Gossip. We know it’s bad. We’re told not to do it. But, what is gossip? Gossip is defined as: ” casual or unconstrained conversation or reports about other people, typically involving details that are not confirmed as being true.” The Biblical definition goes a bit further: “The Hebrew word translated “gossip” in the Old Testament is defined as “one who reveals secrets, one who goes about as a talebearer or scandal-monger.” A gossiper is a person who has privileged information about people and proceeds to reveal that information to those who have no business knowing it.” All of that sounds really distasteful. So, why is gossip so hard to avoid?

Maybe, we just don’t realize we are participating in gossip. And, often, it’s just too interesting, too tantalizing not to share information. It’s common in Christian circles to thinly disguise gossip as “prayer requests.” There is nothing wrong with asking for prayer for yourself or for others, but the information shared should be kept to an absolute minimum. Peter Vajda identifies gossip as a form of workplace violence, noting that it is “essentially a form of attack.” If I portray myself as a kind and truthful person, gossip would be the anti-thesis of that, right?

Gossip is distinguished from sharing information in two ways:
1. Intent. Gossipers often have the goal of building themselves up by making others look bad and exalting themselves as some kind of repositories of knowledge.
2. The type of information shared. Gossipers speak of the faults and failings of others, or reveal potentially embarrassing or shameful details regarding the lives of others without their knowledge or approval. Even if they mean no harm, it is still gossip.

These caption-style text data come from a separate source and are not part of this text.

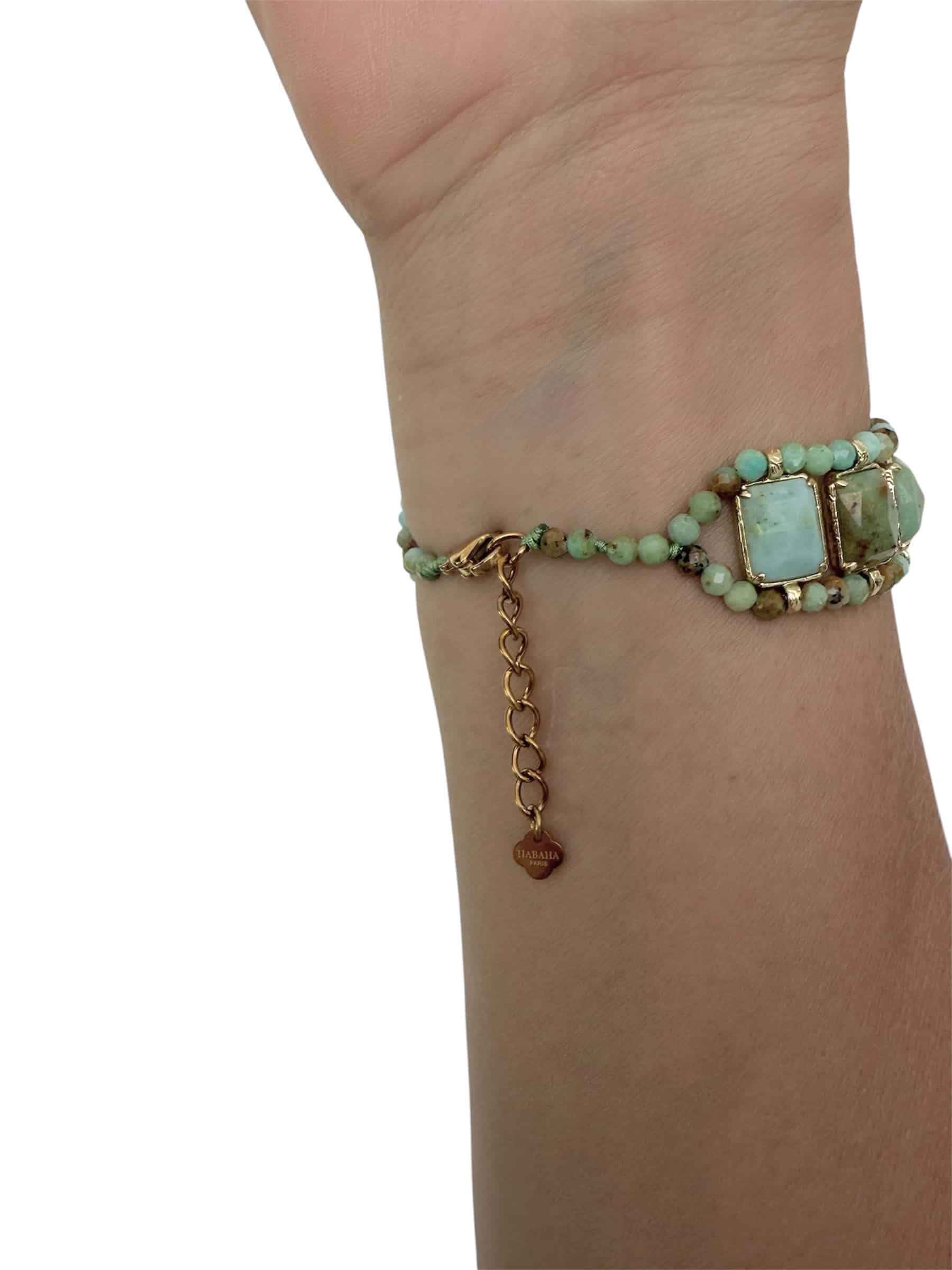 Bracelet LILIE - Doré et Bleu turquoise – Image 3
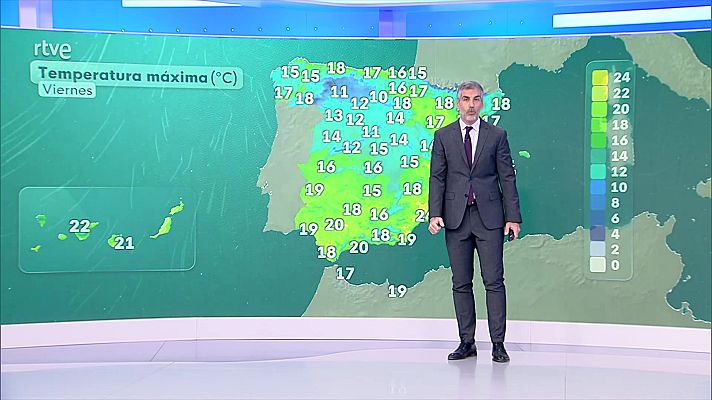 El tiempo - Precipitaciones acompañadas de tormenta en Baleares a primeras horas del día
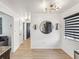 Bright dining area with wood-look floors and stylish decor at 2000 57Th N St, St Petersburg, FL 33710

How do I avoid participating in gossip? I need to consider everything BEFORE I share information with others. Would I share details about another person if they were standing next to me? Would the person(s) involved be hurt by what I’m sharing? Is it really necessary to give ALL of the details? Why do I WANT to share this information? Am I trying to justify my own actions? And, if I’m on the receiving end of a conversation, I need to ask the same questions. Many times, the simplest way to stop the sharing of gossip is to STOP listening. Even sympathetic listening can encourage gossip. I must learn to draw lines, to differentiate between constructive conversations and idle talk. I must learn to walk away from unhealthy talk and habits, for my own wellbeing as well as for those in my community.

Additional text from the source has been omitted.